Nationwide program uses schools to spread word about census

MEMPHIS, Tenn. (AP) — The U.S. Census Bureau is giving a homework assignment to schoolchildren across the country: Tell your parents to fill out the census form. Your school’s funding depends on it.

Census officials launched a nationwide program Monday that uses schools to encourage participation in the once-per-decade head count.

Hundreds of mostly minority students from Shelby County Schools in Memphis, Tennessee, gathered at Liberty Bowl Memorial Stadium and participated in activities teaching them the importance of the census and convincing them to tell their parents or caregivers that filling out the form will determine how much money their schools will get from the government for computers, after-school activities, meals and other resources.

Counting some 330 million people is the largest peacetime operation undertaken by the federal government. The Census Bureau hires a half-million workers, opens about 250 offices and mails out a multitude of forms in English and 12 other languages to more than 130 million households. In 2020, for the first time, the Census Bureau is relying on most respondents answering questions via the internet, using their computer, tablet or smartphone.

The bureau says census data will shape how $675 billion in federal funding is distributed annually. The Statistics in Schools program offers educators online activities, games and other resources to help them bring statistics to their classrooms and increase interest in the census count.

Census Bureau Director Steven Dillingham asked the Shelby County students for their help in spreading the word.

“Who wants to give your teachers homework?” Dillingham asked the crowd.

The children cheered loudly.

“The homework assignment is to fill out the 2020 census. We need to count everyone living in their homes, including your homes,” he said.

As part of the Statistics in Schools program, officials will be providing kid-friendly census data for teachers to use in classrooms, such as how many ice cream parlors or amusements parks are in their community, said Victoria Glasier, who heads the program.

Students will get a letter, provided in 13 languages, to take home to their parents that explains the census, Glasier said.

Superintendents also will receive information about the census and schools will get wall maps with census data to spread the word.

“This audience has their parents’ ears, so if they learn about that data and they get excited about something, they take that message home,” Glasier said. “We work with teachers to create our activities, and some of them were not aware that the funding that comes to their classrooms is based on this.”

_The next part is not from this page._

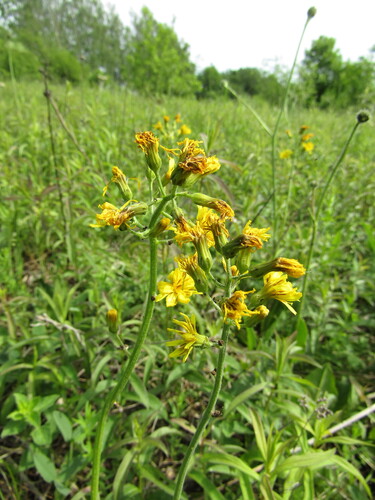 Leafless Hawk's-beard (Crepis praemorsa)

Shelby County Schools is Tennessee’s largest school system, with more than 100,000 students and a $1.4 billion budget.

Audio-visual production teacher Stan Bell wants parents to participate so that he can get more computers, cameras and other technology in his classroom.

Bell, who is black, also hopes the program will encourage minorities to fill out the form by stressing how important the census is. Leaders of some minority groups worry that the reliance on the internet risks undercounting people less likely to be online: low-income households, immigrants and elderly and rural residents.

“There’s a sense of inhibition because they don’t really know what they are signing off on or what they are getting into, or are they exposing too much, or if they’re supposed to do this,” Bell said. “Everybody counts.”